UniversalDependencies / UD_German-GSD

Other
18 stars 5 forks source link

Lemmatization of ordinal numbers #24

Closed yolpsoftware closed 2 years ago

yolpsoftware commented 2 years ago

There seem to be some inconsistencies in the handling of ordinal numbers. Some ordinal numbers are lemmatized as an adverb with the period (word="21.", lemma="21.", pos=ADV), some as an adverb without the period (word="21.", lemma="21", pos=ADV), and some split the number and the period, treating them as NUM and PUNCT. Just looking at the "dev" dataset:

Furthermore, the days of months situation is IMHO very similar to the English case:

Am 27. Mai On May 27th

so I would expect them to have the same treatment.
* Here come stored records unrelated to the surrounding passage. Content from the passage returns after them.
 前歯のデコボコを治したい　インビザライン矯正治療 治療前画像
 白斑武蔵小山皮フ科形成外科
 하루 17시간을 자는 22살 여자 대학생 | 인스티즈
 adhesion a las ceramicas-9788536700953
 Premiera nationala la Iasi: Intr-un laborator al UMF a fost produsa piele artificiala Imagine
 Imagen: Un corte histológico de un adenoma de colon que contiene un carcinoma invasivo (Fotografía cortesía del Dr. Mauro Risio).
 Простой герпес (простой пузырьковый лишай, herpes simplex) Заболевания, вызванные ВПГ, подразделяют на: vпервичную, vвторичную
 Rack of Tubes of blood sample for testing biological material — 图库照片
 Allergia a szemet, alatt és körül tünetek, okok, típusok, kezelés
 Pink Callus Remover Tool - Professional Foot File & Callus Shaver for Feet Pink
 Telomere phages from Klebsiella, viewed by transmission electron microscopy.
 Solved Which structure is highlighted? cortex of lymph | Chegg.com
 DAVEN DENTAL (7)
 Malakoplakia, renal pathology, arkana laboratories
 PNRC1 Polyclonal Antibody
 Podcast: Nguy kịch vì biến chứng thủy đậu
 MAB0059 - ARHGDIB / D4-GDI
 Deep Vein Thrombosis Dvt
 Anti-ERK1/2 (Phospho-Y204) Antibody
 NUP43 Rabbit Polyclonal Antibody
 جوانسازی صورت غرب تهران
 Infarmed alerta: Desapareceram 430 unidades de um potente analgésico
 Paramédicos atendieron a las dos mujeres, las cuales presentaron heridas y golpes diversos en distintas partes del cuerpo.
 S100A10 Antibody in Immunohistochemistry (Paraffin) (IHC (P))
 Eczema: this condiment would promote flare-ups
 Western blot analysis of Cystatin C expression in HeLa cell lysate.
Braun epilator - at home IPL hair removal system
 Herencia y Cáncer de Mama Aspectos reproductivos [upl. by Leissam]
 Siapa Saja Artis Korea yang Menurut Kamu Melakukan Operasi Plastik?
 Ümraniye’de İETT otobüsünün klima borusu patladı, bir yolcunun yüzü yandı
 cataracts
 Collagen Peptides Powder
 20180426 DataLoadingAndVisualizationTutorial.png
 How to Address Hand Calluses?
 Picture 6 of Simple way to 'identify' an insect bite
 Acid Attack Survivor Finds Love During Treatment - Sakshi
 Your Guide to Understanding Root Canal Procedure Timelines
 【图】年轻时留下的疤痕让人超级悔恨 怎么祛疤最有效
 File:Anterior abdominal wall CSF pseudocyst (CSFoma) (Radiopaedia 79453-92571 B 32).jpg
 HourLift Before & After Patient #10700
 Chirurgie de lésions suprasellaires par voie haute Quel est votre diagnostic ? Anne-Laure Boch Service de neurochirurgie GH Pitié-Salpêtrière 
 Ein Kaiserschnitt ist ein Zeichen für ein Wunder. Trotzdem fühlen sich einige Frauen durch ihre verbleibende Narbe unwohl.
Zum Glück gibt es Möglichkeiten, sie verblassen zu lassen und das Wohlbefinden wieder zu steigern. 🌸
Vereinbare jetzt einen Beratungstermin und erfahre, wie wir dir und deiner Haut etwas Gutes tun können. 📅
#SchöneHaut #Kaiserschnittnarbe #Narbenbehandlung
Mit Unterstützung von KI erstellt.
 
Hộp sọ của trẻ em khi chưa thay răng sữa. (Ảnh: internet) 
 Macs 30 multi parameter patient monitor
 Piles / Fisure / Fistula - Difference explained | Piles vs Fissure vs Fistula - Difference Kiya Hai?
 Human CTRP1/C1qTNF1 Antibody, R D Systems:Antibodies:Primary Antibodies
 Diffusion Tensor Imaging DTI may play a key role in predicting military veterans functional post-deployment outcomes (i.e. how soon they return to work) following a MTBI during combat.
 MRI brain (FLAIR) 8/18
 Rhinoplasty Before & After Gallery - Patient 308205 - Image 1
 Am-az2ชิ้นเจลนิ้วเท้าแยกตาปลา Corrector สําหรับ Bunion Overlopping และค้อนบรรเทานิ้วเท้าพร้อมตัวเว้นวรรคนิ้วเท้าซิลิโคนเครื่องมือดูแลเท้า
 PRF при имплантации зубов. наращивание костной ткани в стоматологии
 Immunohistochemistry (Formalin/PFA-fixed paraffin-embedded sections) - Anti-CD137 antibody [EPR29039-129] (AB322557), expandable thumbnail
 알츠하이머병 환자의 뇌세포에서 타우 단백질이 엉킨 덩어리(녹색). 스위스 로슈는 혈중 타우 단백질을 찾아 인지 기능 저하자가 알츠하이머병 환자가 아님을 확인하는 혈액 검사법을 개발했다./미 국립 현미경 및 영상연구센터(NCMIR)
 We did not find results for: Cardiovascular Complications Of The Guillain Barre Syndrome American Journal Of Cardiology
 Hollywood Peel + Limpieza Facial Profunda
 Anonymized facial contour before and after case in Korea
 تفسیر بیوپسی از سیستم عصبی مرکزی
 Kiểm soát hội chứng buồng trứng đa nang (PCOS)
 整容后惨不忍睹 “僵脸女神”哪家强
Both are dates, and in both cases, the day is an ordinal number meaning "the 27th day of May".

However, in the following English dataset, days of months seem to be lemmatized consistently as NOUN (just search the dataset for "1st", "2nd", "3rd" etc.):

https://raw.githubusercontent.com/UniversalDependencies/UD_English-EWT/master/en_ewt-ud-dev.conllu

Examples:

I was on vacation from October 4th to October 19th and I didn't submit my timesheet yet. My boyfriend's birthday is November 22nd and we are going to Del Frisco's for dinner. Just to let you all know Matt has confirmed the booking for 3rd Dec i s OK.

Shouldn't the German day-of-month ordinal numbers be treated as nouns too? What's the difference to the English case?

dan-zeman commented 2 years ago

Shouldn't the German day-of-month ordinal numbers be treated as nouns too? What's the difference to the English case?

They should be treated similarly. However, the current annotation in English is wrong. They are definitely not nouns. Ordinal numerals are generally tagged as adjectives, with the additional feature NumType=Ord (see ADJ).

The inconsistencies in German should now be fixed in the dev branch. The fixes will be propagated to the next UD release.